The talent pool in Florida was surprisingly deep and well rounded; so much so that I couldn’t do these truly talented people the justice the deserve with an in-depth look at their work.
I will however touch lightly on some other honorable mentions:
- David Byrne author of “The Couch” dealing with superheroes and psychology.
- Devon Wright the author of Avant Guardians; a time travel music, and super hero graphic novel.
- Josh Strnad author of a Wild West and Greek Mythology mash-up.
- West Palm Beach resident, author, and artist of an online 3D rendered Graphic novel – Walter Pearcy. He is a self taught digital graphic artist, and lives literally 5 minutes from the Convention Center on foot. His latest work is titled Untold Sagas, and is a story of a man that by twist of fate finds he has super powers. He isn’t one of many super powered individuals, but the only one in this universe. The villains are all made more powerful by advanced technology. You can find this, and future work from Walter at patreon.com/untoldsagas.
The cosplayers were out in force as well. They were represented by professionals, amateurs, and groups and clubs.

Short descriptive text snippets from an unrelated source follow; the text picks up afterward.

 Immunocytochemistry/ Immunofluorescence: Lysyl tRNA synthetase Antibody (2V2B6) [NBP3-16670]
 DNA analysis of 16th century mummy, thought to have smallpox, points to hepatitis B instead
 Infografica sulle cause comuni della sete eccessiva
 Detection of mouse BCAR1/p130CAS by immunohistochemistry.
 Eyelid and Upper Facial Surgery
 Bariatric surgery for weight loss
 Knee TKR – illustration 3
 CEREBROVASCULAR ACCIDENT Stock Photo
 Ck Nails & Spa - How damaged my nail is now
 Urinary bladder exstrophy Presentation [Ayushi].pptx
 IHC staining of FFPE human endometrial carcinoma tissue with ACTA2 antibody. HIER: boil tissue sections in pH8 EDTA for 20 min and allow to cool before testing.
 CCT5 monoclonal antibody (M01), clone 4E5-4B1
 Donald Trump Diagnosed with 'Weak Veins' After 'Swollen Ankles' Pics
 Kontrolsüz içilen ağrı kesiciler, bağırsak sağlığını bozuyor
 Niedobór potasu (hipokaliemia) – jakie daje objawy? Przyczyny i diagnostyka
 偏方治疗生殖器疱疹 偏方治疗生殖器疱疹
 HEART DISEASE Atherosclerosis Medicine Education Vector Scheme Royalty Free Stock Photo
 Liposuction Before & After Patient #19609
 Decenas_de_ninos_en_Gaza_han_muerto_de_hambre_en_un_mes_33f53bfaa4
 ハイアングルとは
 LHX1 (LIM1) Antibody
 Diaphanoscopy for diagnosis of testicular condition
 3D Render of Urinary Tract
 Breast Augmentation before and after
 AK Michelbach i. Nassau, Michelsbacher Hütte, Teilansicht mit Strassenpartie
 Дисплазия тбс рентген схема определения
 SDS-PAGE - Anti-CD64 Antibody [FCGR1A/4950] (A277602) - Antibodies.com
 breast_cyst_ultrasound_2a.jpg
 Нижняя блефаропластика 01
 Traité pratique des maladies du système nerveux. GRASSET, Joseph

These include but are not limited to Task Force 27 a charter of the Finest (the G.I. Joe cosplay organization), the 1701st (an international Star Trek cosplay group) , the 501st Legion Everglades detachment which is known for movie accurate Star Wars costumes, and their sister spin off group the Mandalorian Mercs Buurenaar Verda Clan of Florida. All groups were decked out in costume to perfection.
An interesting note on these groups is that most of their members are involved with other groups. Passion, artistry, and professionalism are their watchwords, and they embody them to the nth
degree. It’s a close knit and welcoming community of fans that embraces everyone.
There were some amazing individual cosplayers as well like a 9ft tall fully L.E.D. lighted Gundam robot, the classic Joker from D.C., and a comic book accurate version of Marvel’s Deadpool.
Vendors from Tate’s Comics in Lauderhill Florida, to Aces High Tattoos were there selling merchandise, and collectables from all genres of sci-fi, comics, movies, and T.V. As I mentioned before this Con wasn’t an overgrown flea market for nerds nerds designed to vacuum dollars out of attendees wallets. The vendors were low-key, warm, welcoming, and professional. There seemed to be no overpriced knock off merchandise, or pushy salesman.
The main food vendors were to be as expected low quality, and overpriced. 2 hotdogs, fries, and a coke cost just over 16 dollars! The snack booths however did offer a good selection at reasonable prices.
One vendor in particular caught my eye, and won a commission of a custom piece of artwork as a gift for my wife. Mellanie Chafe also known as her Tumblr handle Luniara, and Luniara.Deviantart.com. Her use of vibrant color, and varied character subjects kept drawing me back to her booth she was running with her husband. I asked for a custom design based on Baby Groot from Guardians of the Galaxy. I was not disappointed by her work in the slightest. She confessed that she never attempted Groot in any form, but had always wanted to try a piece with him in it. I returned an hour later to find her well and truly dug into her art. Her references came from a search on her smartphone. As if to add to my amazement there were about 20 thumbnails of Groot that she combined to form the finished drawing. Moreover not one of her chosen images were enlarged to aid in creation. They were references in the loosest sense only.The organization, attention to detail, and presentation of the Con told me, and I hope you, the reader, all I needed to know. I truly hope this will not be a one time event. I thoroughly enjoyed myself, and look forward to attending next year.